9.3 Interview Relevance

This project prepares discussion on invariants, failure tradeoffs, and operational readiness.


10. Resources

10.1 Essential Reading

  • Consul architecture and subsystem docs
  • Raft and SWIM papers
  • Relevant RFC standards for DNS and TLS

10.2 Video Resources

  • HashiCorp engineering talks on Consul internals
  • distributed systems talks on incident-safe design

10.3 Tools & Documentation

  • consul, curl, jq, dig, openssl
  • packet tracing tools such as tcpdump and Wireshark
  • Previous: P03-swim-gossip-membership.md
  • Next: P05-dns-service-discovery.md

11. Self-Assessment Checklist

11.1 Understanding

  • I can explain the primary invariant from memory.
  • I can explain the main tradeoff axis and chosen defaults.
  • I can predict behavior for one major failure scenario.

11.2 Implementation

  • Functional requirements are complete.
  • Golden and failure demos are deterministic.
  • Telemetry is sufficient for root-cause analysis.
  • Edge cases are handled and documented.

11.3 Growth

  • I documented one design change caused by evidence.
  • I can explain this project in interview-level depth.
  • I can map this project to production equivalents.

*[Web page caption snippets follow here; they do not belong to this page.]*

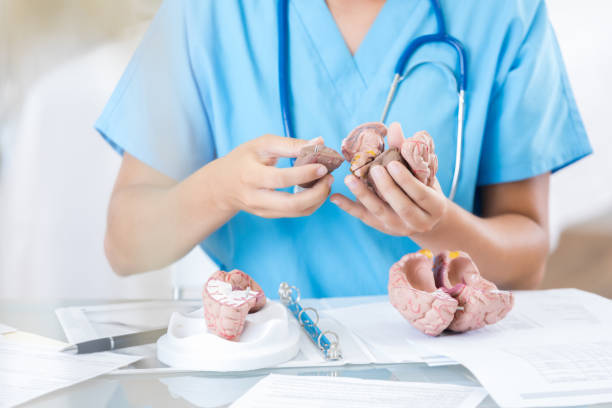 istock Unrecognizable medical professional dissects human brain 810188670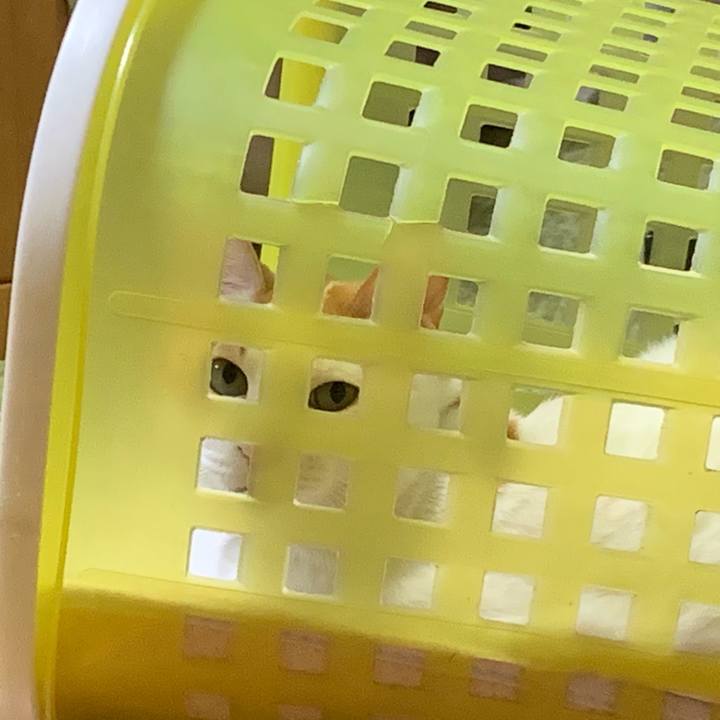 3893674f 9f33 4ade a122 5c6b97aeaf68 1555079427154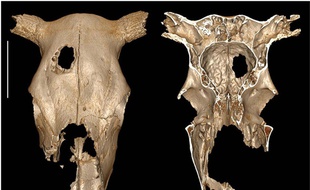 Le crâne de bovin trépané, étudié depuis sa découverte par des chercheurs, date d'il y a plus de 5.000 ans.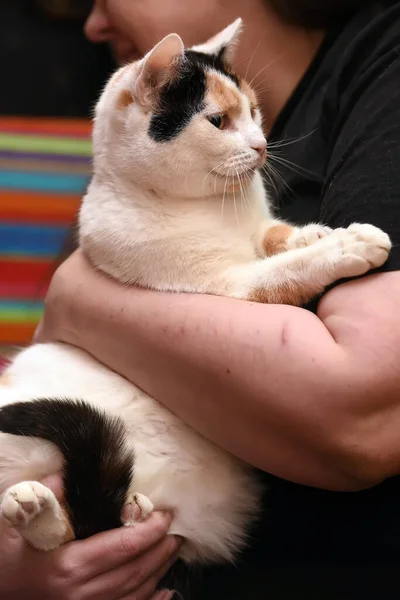 所有者の腕の三色の猫 — ストック写真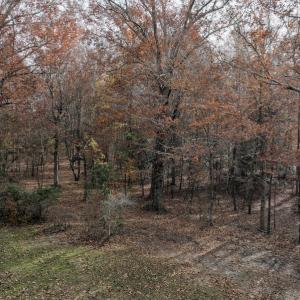Photo #20 of SOLD property in 1629 Virginia Road, Edenton, NC 50.0 acres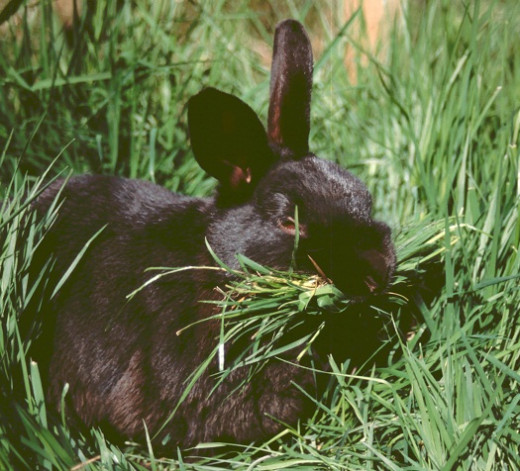 Pet rabbit gathering grass for a nest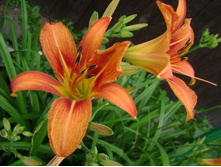 �������� ���������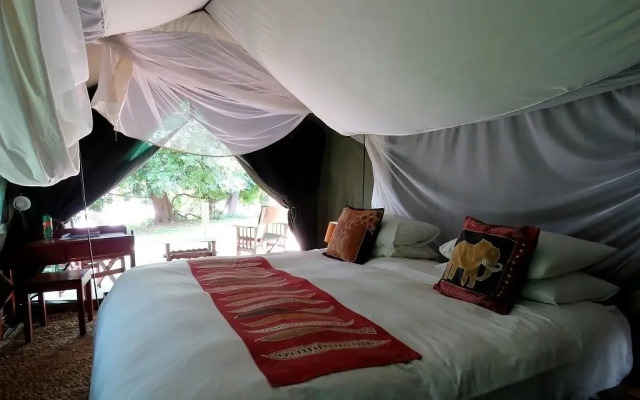 Croc Valley Camp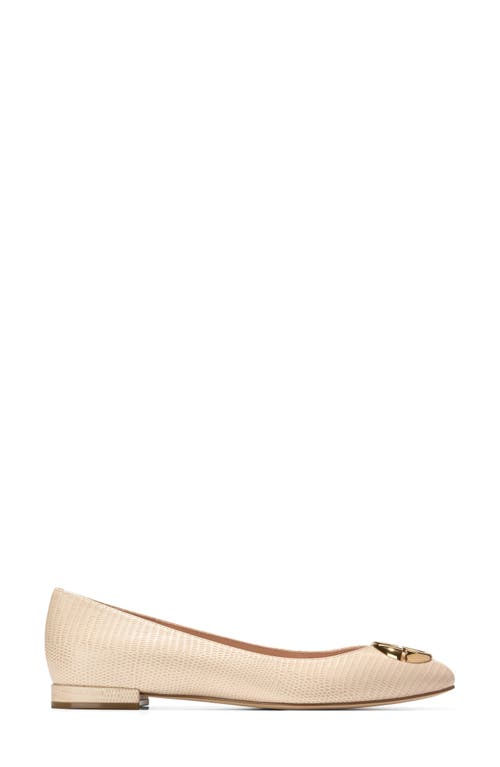 Cole Haan Skylar Ballet Flat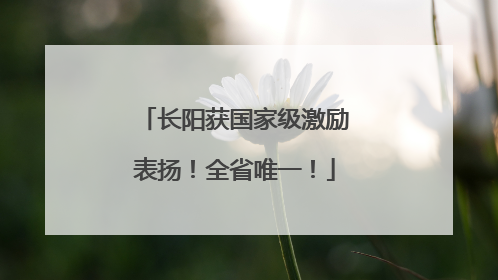 长阳获国家级激励表扬！全省唯一！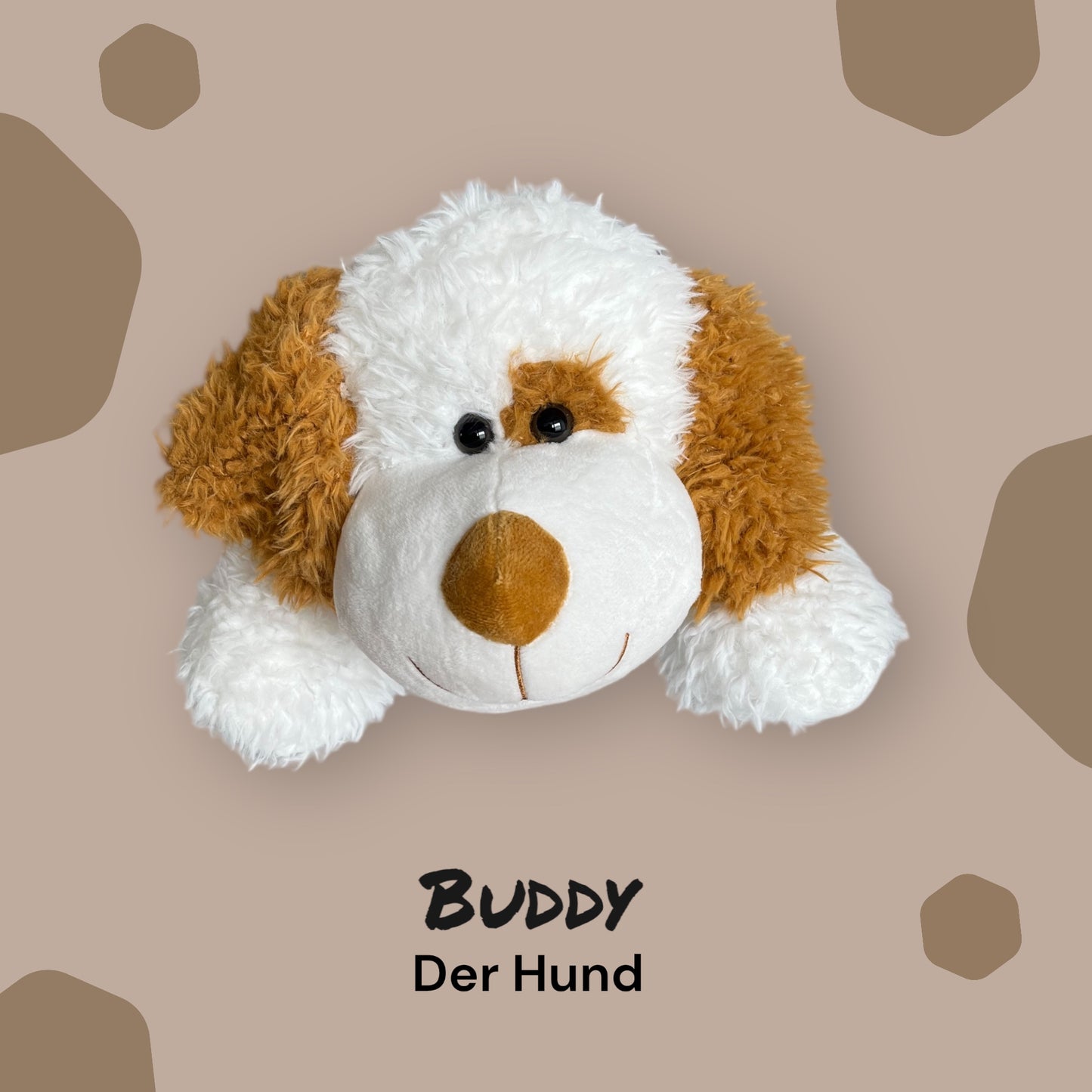 Buddy der Hund
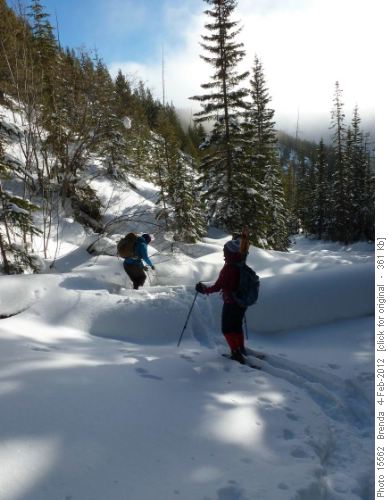 Negotiating deadfall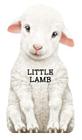 Little Lamb (Mini Look at Me Books) By Laura Rigo (Illustrator) Cover Image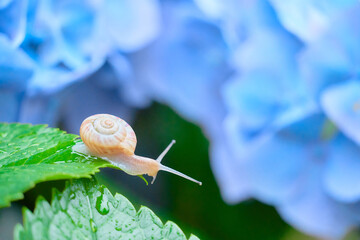 水色の紫陽花の花の上にいる仲の良い二匹のカタツムリ Wall Mural Sora Nus 水色の紫陽花の花の上にいる仲の良い二匹のカタツムリ Wall Mural Sora Nus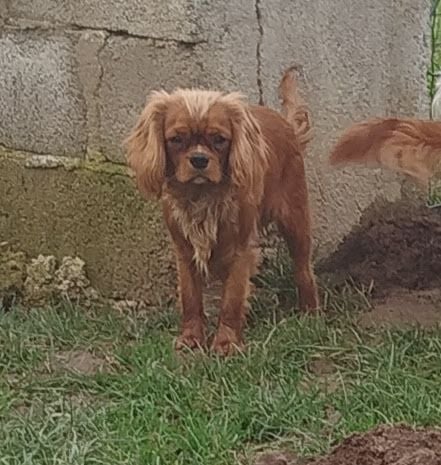 Du Domaine Des Devets - Chiots disponibles - Cavalier King Charles Spaniel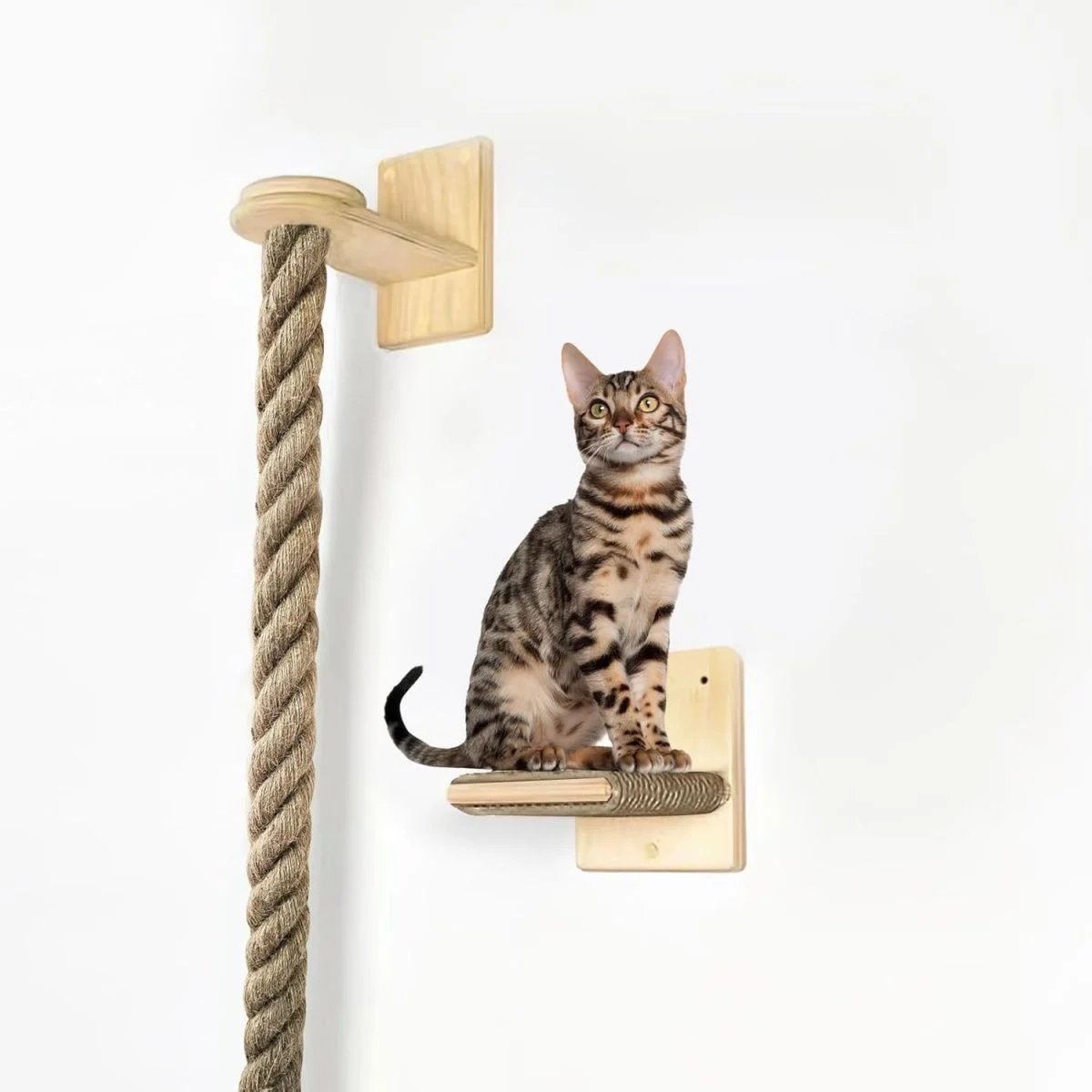 Rascador sisal para gatos – Montaje en pared o techo - imagen 3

12. Submission / Completion Criteria

Minimum Viable Completion:

  • one deterministic happy path
  • one deterministic safe-failure path
  • one observability view that explains state

Full Completion:

  • all minimum criteria plus edge-case validation
  • implementation decision rationale documented

Excellence (Going Above & Beyond):

  • multi-fault scenario drill with stable behavior
  • concise incident runbook with remediation order

13 Additional Content Rules (Applied)

  • Determinism: fixed fixtures and repeatable demos.
  • Outcome completeness: success and failure demo intent included.
  • Cross-linking: related project references included.
  • No placeholders: all sections are actionable.